In many environments, such as test and production environments, you might need to start logging.
To turn on logging for a specific task, complete these steps:
1. Open the Taskmaster Client.
2. Log in to the application for which you want to turn on logging.
3. Select Settings → Workflow to display the Taskmaster Administrator.
4. Select the task on which you want to invoke logging, for example, VScan. Click the Setup button to the right.
5. In the Setup window, select File → Task Settings.
6. In the Task Settings window, click the Log tab. On this page, you can configure the logging levels and file location.
Logs can usually provide a good indication of any issues that are occurring in the system. However, ensure that you set the logs according to the system that is being used. If logging is set too high, it can affect performance.
Keep the flush buffer turned off, unless the batch stops and the log is terminated prematurely.
9.2.2 Capturing data
Define your output requirements from the start. Do no look at the form, and then start to decide what data to extract half way through building your system.
Look at the structure of the system to which you are exporting. What does it require? If this step is not done correctly at the beginning of the process, you can end up doing a lot of work in collecting data with no place to store it after you collect it. You might also omit pieces of data and then have to add them to the project later, increasing the time to deliver. Although this task can be done, knowing what you need up front is much more efficient.

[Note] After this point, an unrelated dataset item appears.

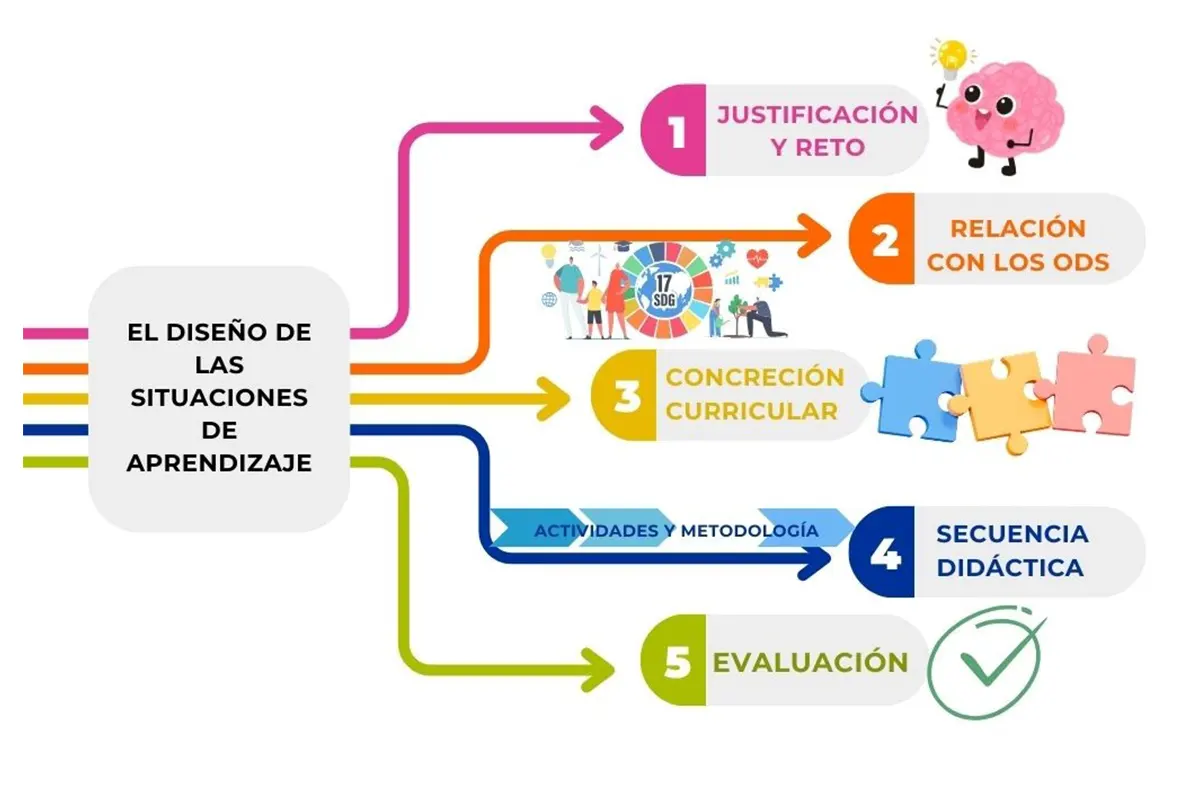 Elementos y diseño de situaciones de aprendizaje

You can capture OCR data from a document by using one of the following methods:
Zone Defining an area of the form where the data to be captured is located.
Keyword Using a keyword and then capturing the adjacent text, or using the presence of this keyword to help define the page type.

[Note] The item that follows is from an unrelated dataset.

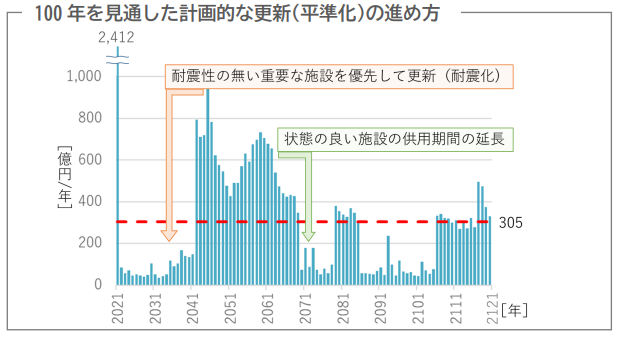 100年を見通した計画的な更新(平準化)の進め方のイメージ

Regular expression Use of a regular expression to find data in a particular format such as date, ZIP code or postal code, and so on.
Operator input Use of an operator highlighting the text to be entered or entering it manually.
For each piece of data that you are asked to collect, decide which method or methods you can use. For data that is not on the form, you can also use database lookups, web services, or other methods to find the data.
9.2.3 Smart parameters
Avoid coding paths as parameters in your actions and scripts. Always read paths from the Application Service or the settings.ini file. This way, your application can be easily ported from one machine to another.
Learn to use smart parameters, and use the rr_ actions from the Rulerunner library to perform various tasks. You can greatly reduce the number of actions that you have to master by using the rr_ alternatives. For example, rr_Compare(0,1) is a good substitute for the ReturnFalse action. rr_Set(Value,@F) is a good substitute for DefaultValue(Value). The rr_ actions can perform the same tasks as dozens of other actions and you do not have to learn as many.
9.2.4 Projects
Always copy the foundation and demo applications (Accounts Payable Capture, Flex, MClaims, and so on) before you change them for your own use. If you change the applications in the build, reinstalling them can cause you to lose your changes.
Start new projects with a project that you are familiar with. Altering an application is easier than starting one from scratch.
9.2.5 Actions
Never change an RRX file in the RRX directory. The RRX file can be overwritten with reinstallation. If you want to change one of RRX files, copy the file to your rules folder in your application. If the same name of an rrx library is in your rules folder and the RRX folder, the one from the rules folder is loaded.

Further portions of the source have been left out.